Billie held up a white CD disk to the camera with the words ‘As Long As’ written on the front in sharpie. This was one of her first EP’s. “I listened to this the other day, and I thought I sounded like a little blueberry.” She laughs lightly. “I thought I was so grown, but that’s just the thing about growing, it’s like trying on a pair of your dad’s jeans. One day you get into your dad’s jeans as a child [and they are huge], and one day they fit perfectly. When you’re a child, your dad’s jeans you imagine are the biggest, but there will always be a bigger pair of jeans somewhere.” 

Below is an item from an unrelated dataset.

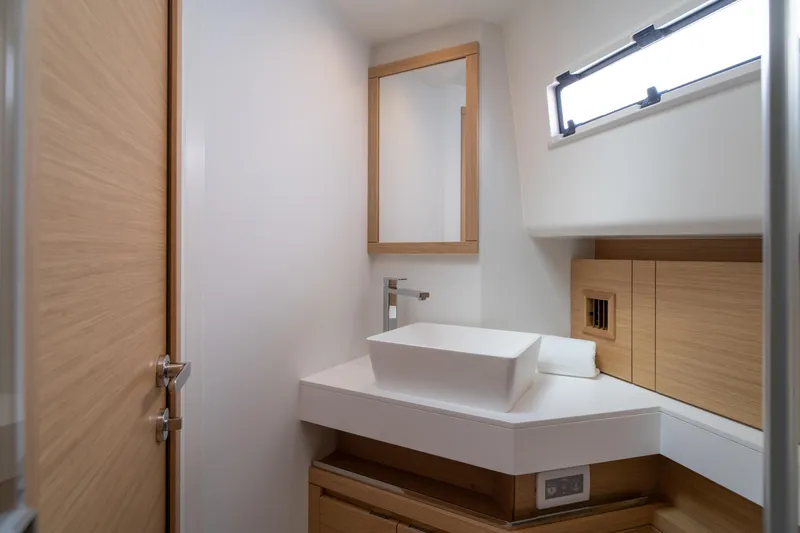 Slide: The Image of 2024 Pardo Yachts P43 luxury yacht cruising on a sunny day near lush greenery. - 17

Continually seeking out a bigger pair of jeans, where Billie goes next, whether it’s teenage regression, or heart break, it seems will push her forth on the quest of taking herself seriously as an artist, and being a growing human. Perhaps a better way of phrasing that is Billie, while she feels worn, and thumbed through, sees this feeling as a way of getting to know herself deeper and to move with that feeling is a way to reckon with all who she is to become. Taking these ‘seeds of knowledge’ from Billie, perhaps the unknown can be a beautiful thing. 

Towards the end of our interview, Billie’s cat Pip walked across her lap. Featured in the song ‘Crown’ off of Dog Eared, Billie stroked Pip and smiled. “Right out in my yard, that’s when I wrote those lyrics.”  

The cat sits in the shade

And I am not afraid of love

The cat sits in the shade

And I am not afraid”

Whatever comes next, however Billie continues to grow, there is no fear. No fear, –I have learned– is not to be confused with knowing exactly what comes next, but rather coming to embrace the search for a bigger pair of jeans. 

Dog Eared will be released on July 18th.